What caused me to have this idea is that Konner was in the computer room this morning yelling at the computer. This is not unusual. In fact in the past couple years we have been through almost 10 computer mice, an iPad, an iPad screen and a computer screen because Konner has been pretty rough on electronics.
This is not from a lack of trying on our part to curb the situation. We have talked to him until we are blue in the face about remaining calm and taking breaks. We have grounded him, given him timeouts, and even made him wait several months before replacing the screens.
I have gone through social stories, stories written to help people better understand social skills, and tried to make him understand that it is unacceptable.
The problem is that he, like many in this technological world, want immediate gratification. He wants things to happen and happen now. He doesn’t want to have to wait for a slow processor or lagging internet. When he pushes the button he wants results quickly.
The irony is that I, as a father, want the same thing from my son. When I ask him a question I want an answer as quickly as possible. When I ask him to do something I want him to start moving immediately. I don’t want to have to wait, or for there to be a lag in results.
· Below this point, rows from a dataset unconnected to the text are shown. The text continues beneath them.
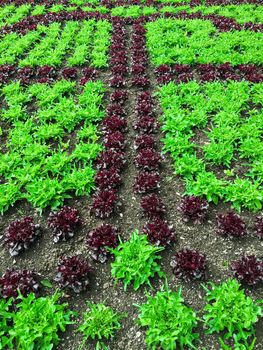 Summer garden with red and green lettuce. Healthy food.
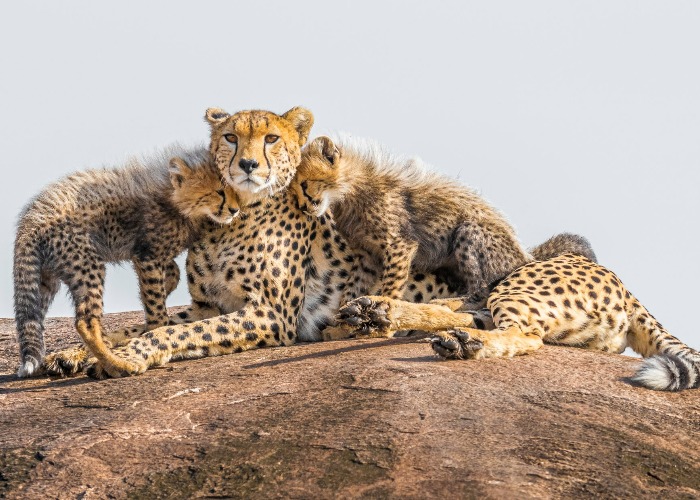 These Animals Were Extinct. Then Conservationists Brought Them Back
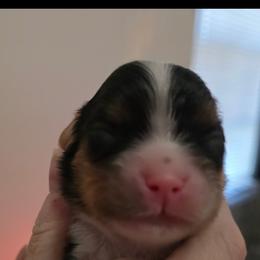 Tri boy - Tri-color male Cavalier King Charles Spaniel puppy in Melbourne, Florida from Majestic Cavaliers of Melbourne FL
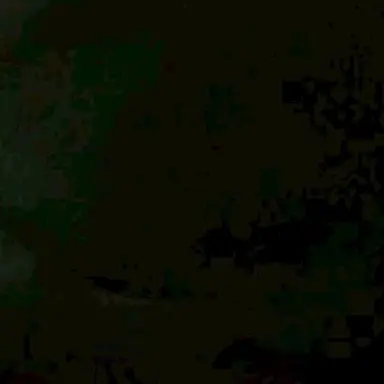 Profile image of 若井滉斗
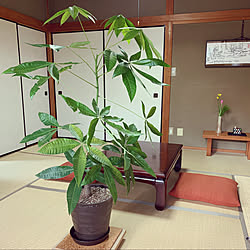 成長注意！！/100均観葉植物/百均/100均/パキラ...などのインテリア実例 - 2021-01-19 11:52:32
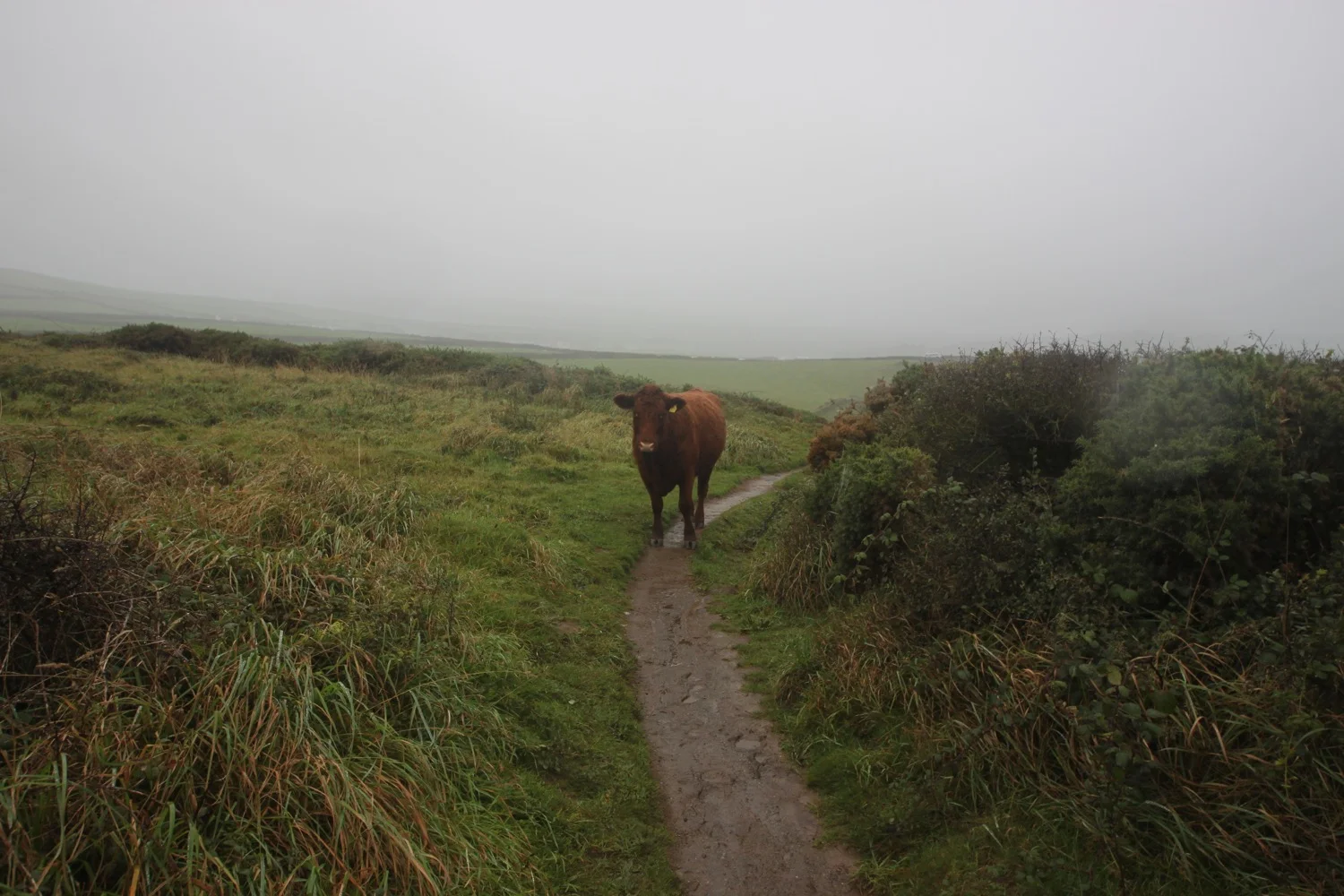 cow blocking the path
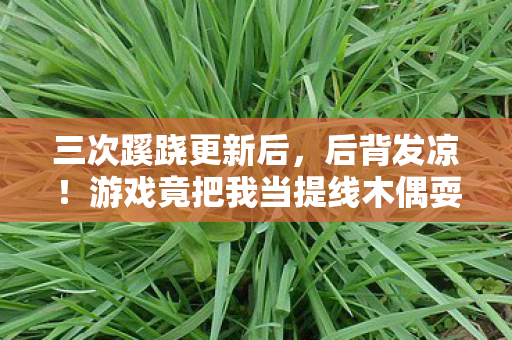 三次蹊跷更新后，后背发凉！游戏竟把我当提线木偶耍了这么久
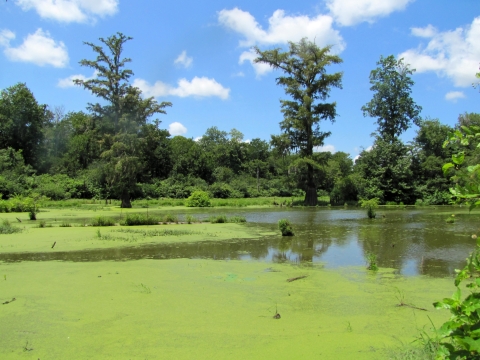A large body of water partially covered by algae surrounded by a forest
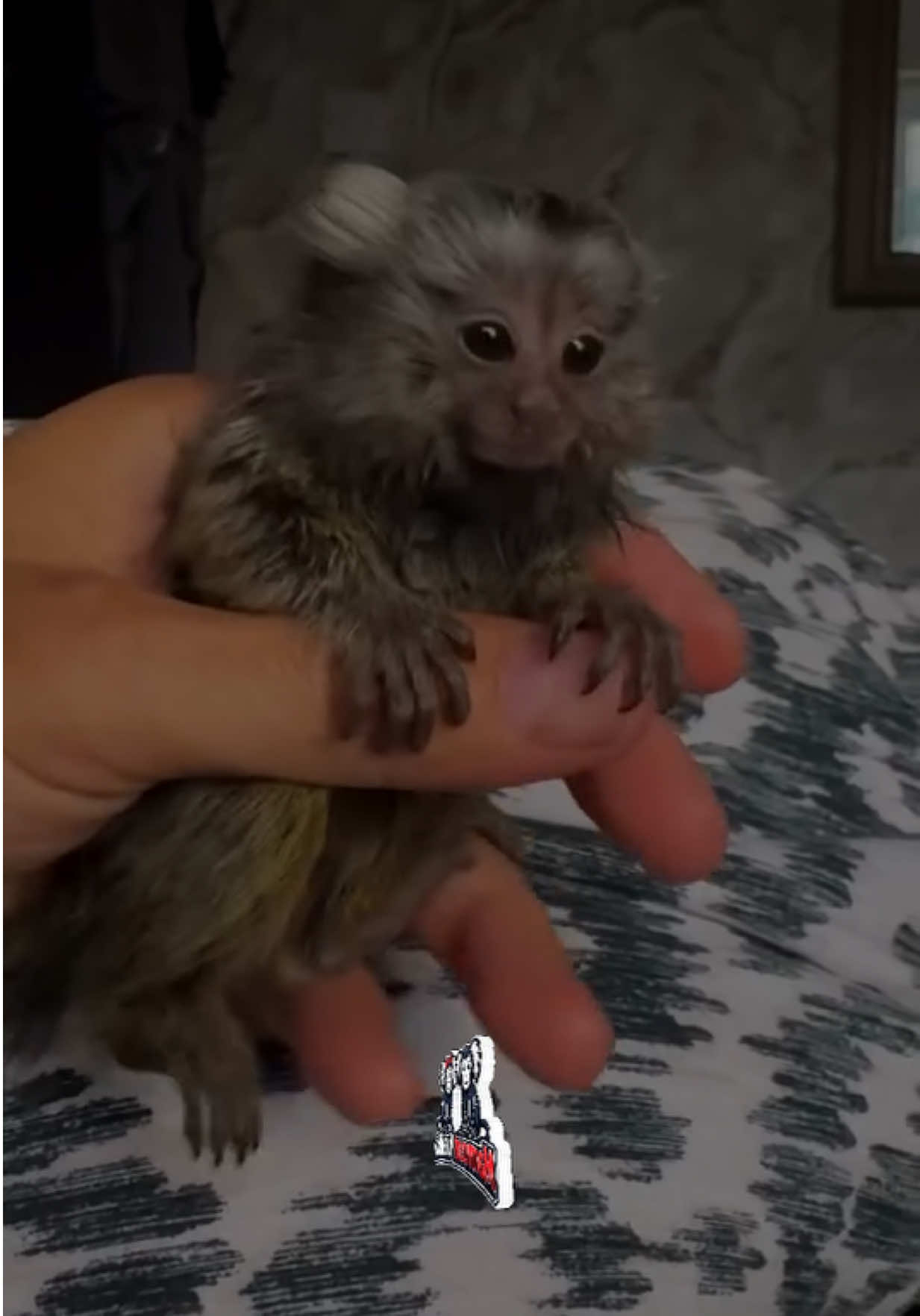 @ᴍᴀʀᴍᴏꜱᴇᴛ ᴘᴀʀᴀᴅɪꜱᴇ 🇬🇧🐒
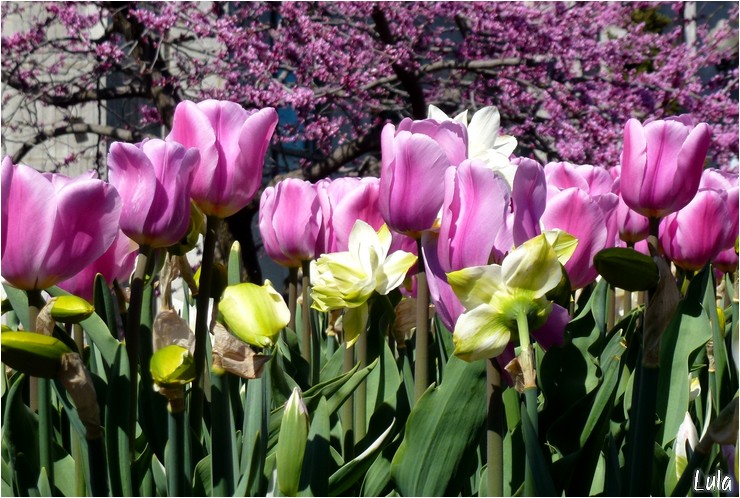 Floraison spectaculaire de tulipes au Jardin Botanique de Montréal 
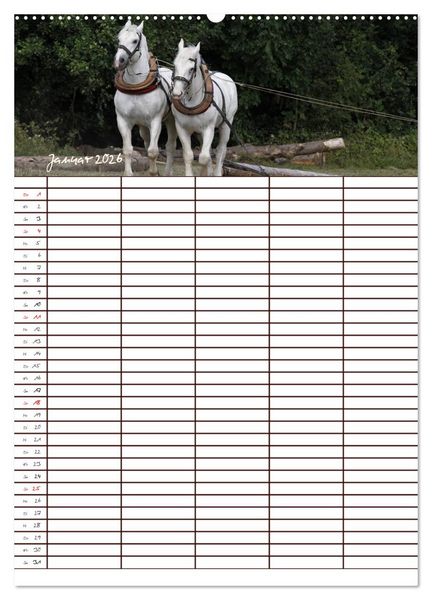 Produktbild: Der Kaltblut-Familienplaner (Wandkalender 2026 DIN A2 hoch), CALVENDO Monatskalender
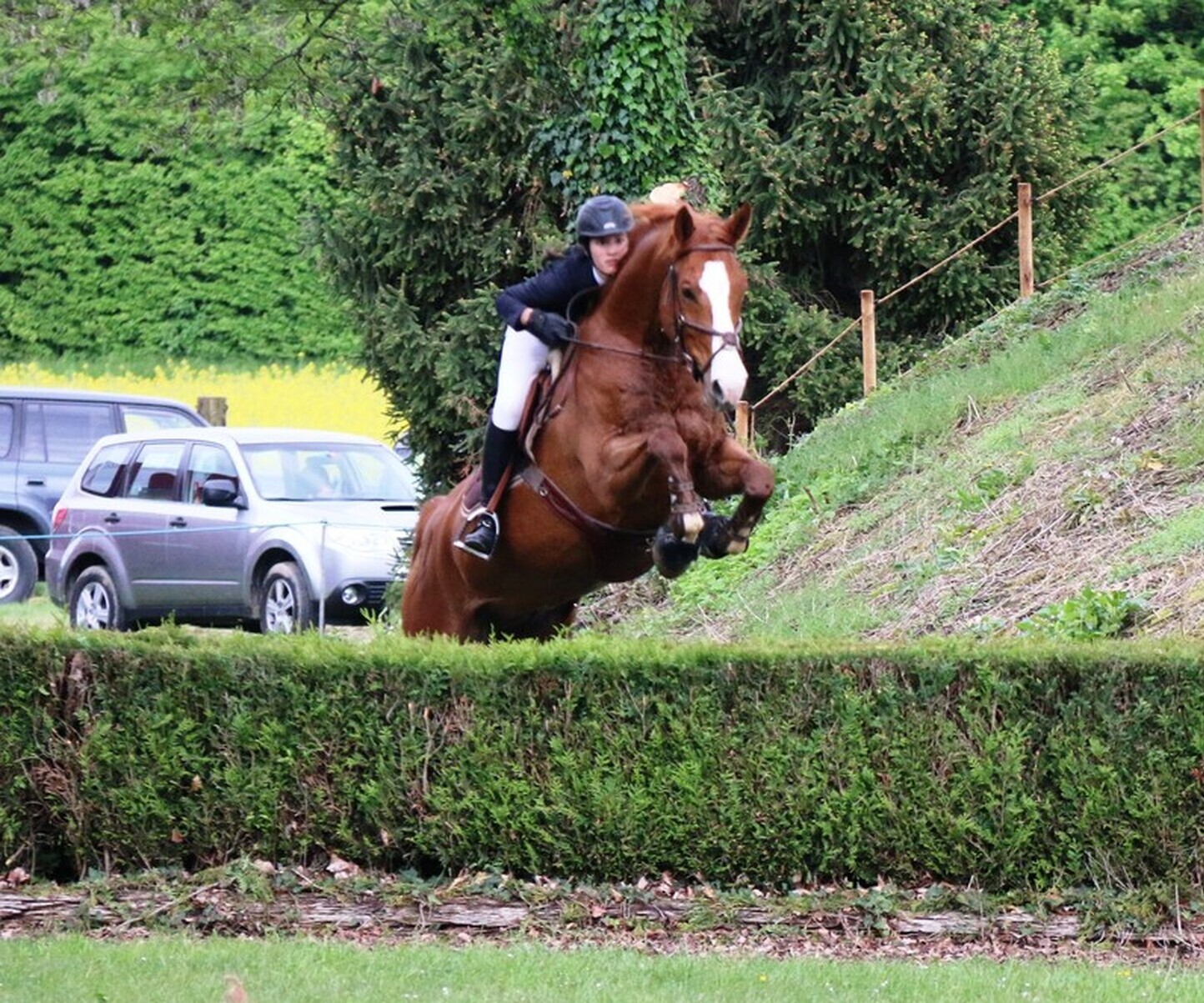 Description de l'image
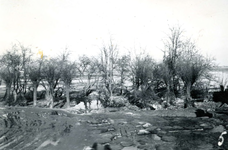 SH_WATERSNOODRAMP_03 Schade aan boomgaard in Simonshaven; Februari 1953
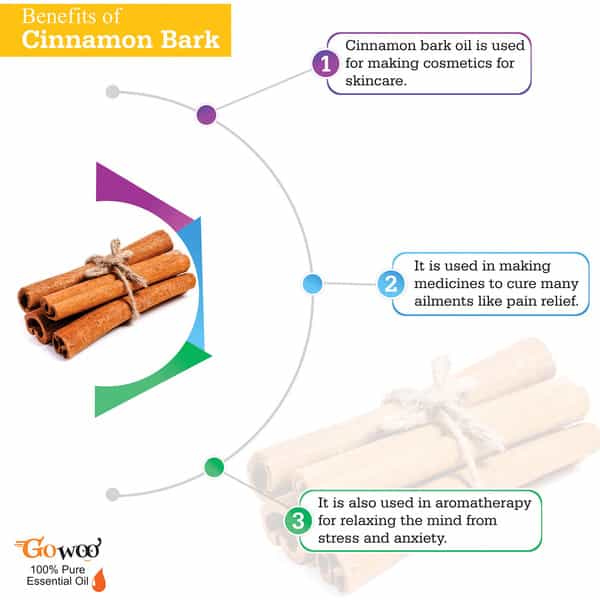 Go Woo 100% Pure Cinnamon Bark Oil Virgin & Undiluted 30 Ml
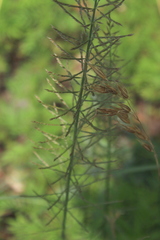 Pogonarthria squarrosa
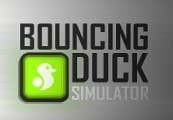 Bouncing Duck Simulator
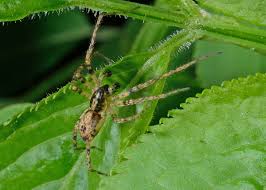 Attēlu rezultāti vaicājumam “Anyphaena accentuata”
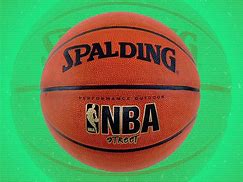 Image result for Spalding NBA Indoor/Outdoor Basketball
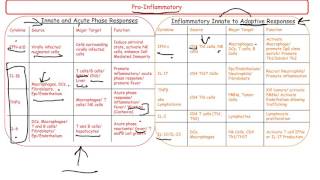 Cytokines by Function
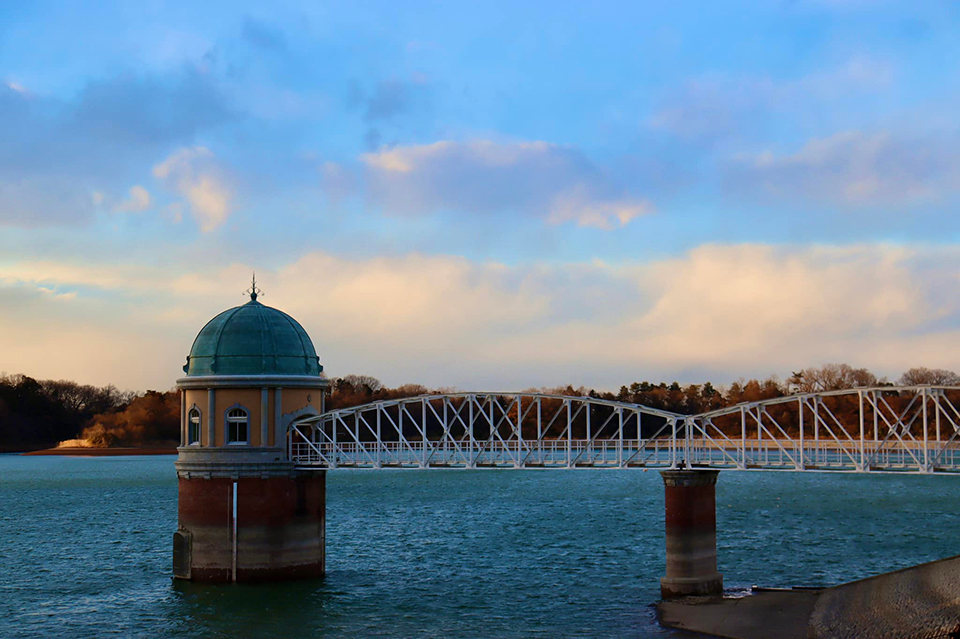 ทัวร์ไซตามะ ทะเลสาบซายามะ (Sayama Lake) Image18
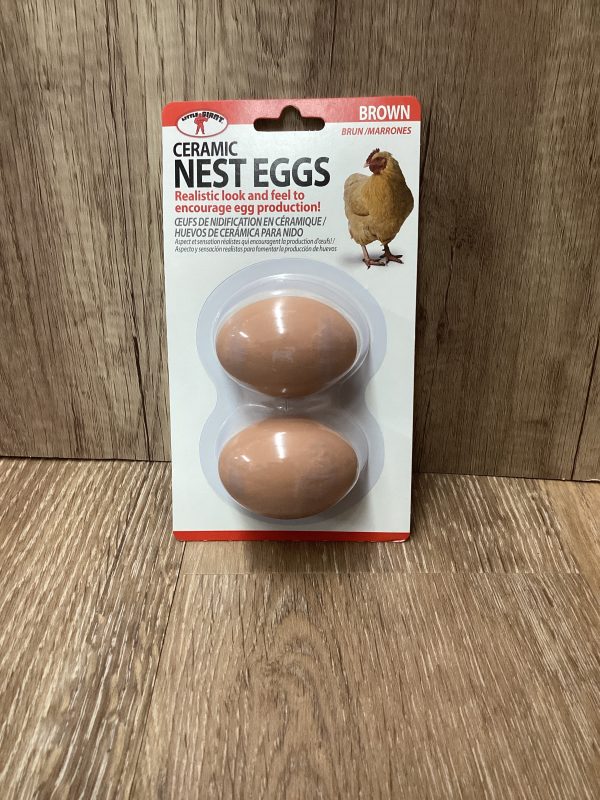 CERAMIC EGGS, BROWN 2 PK Online now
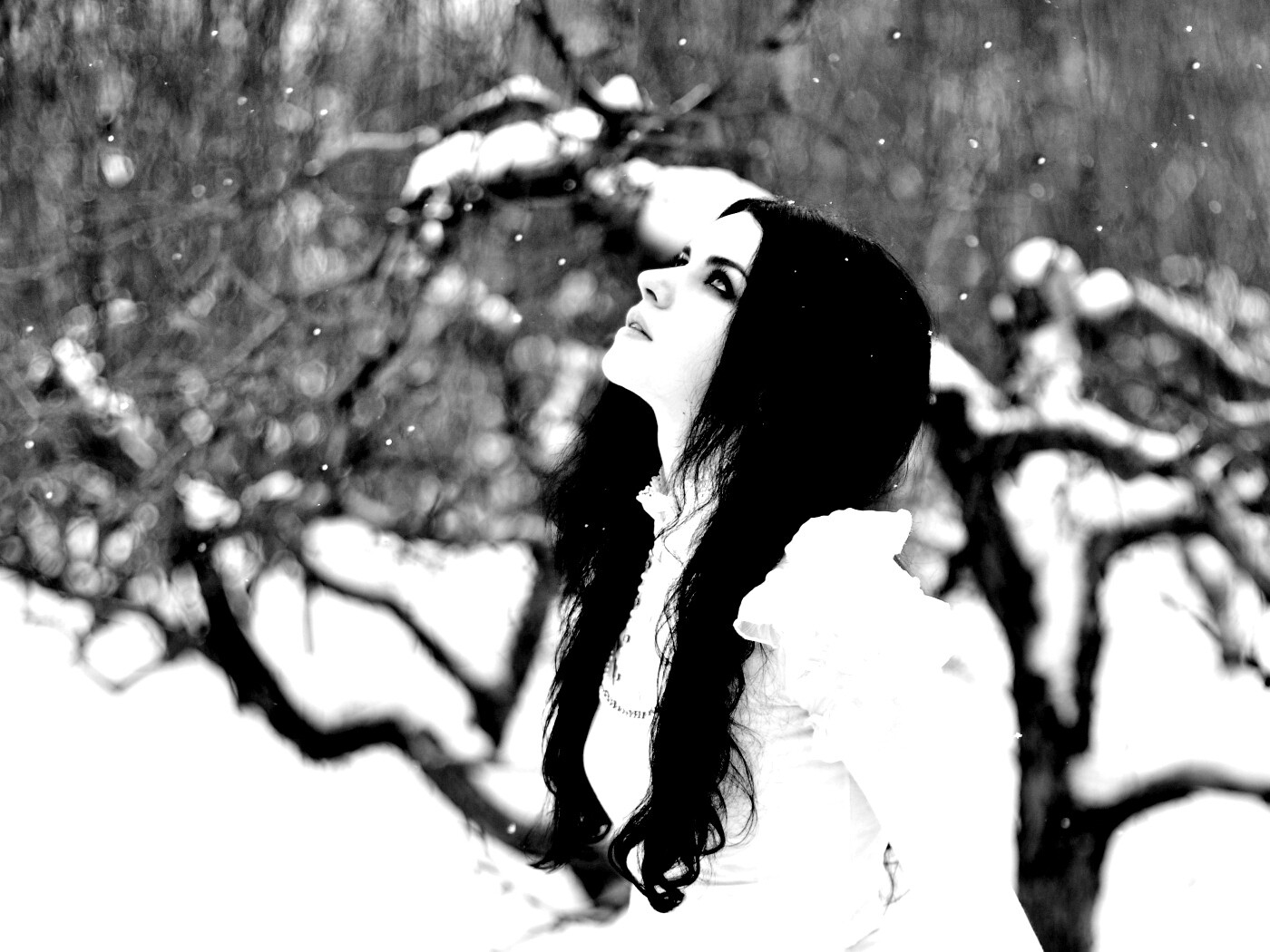 Белоснежная леди обои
The way he feels when the computer is not responding the way he wants is the same way I feel when he doesn’t do things right away, but I have to understand that’s the way his brain works. I have to relax, stay calm, and wait for him to process the information. This is easier said than done, and I usually fail.
When the two issues intertwine then we really have problems. As I’m writing this, Konner is having an emotional issue involving the computer. He is upset and said that he is very angry. He is in near tears and is hard to reason with. This however is what I’m trying to do, but he doesn’t want to listen. So he is taking a break from the computer for a while, but it causes him to be more upset.
His yelling and failure to cooperate is causing me to get frustrated, and that is a bad formula for communication between the two of us. So I’m stepping back for a few minutes and we will “reset” if you will and start again in a few minutes; which is what he probably should have done with the computer and then we wouldn’t be in this situation.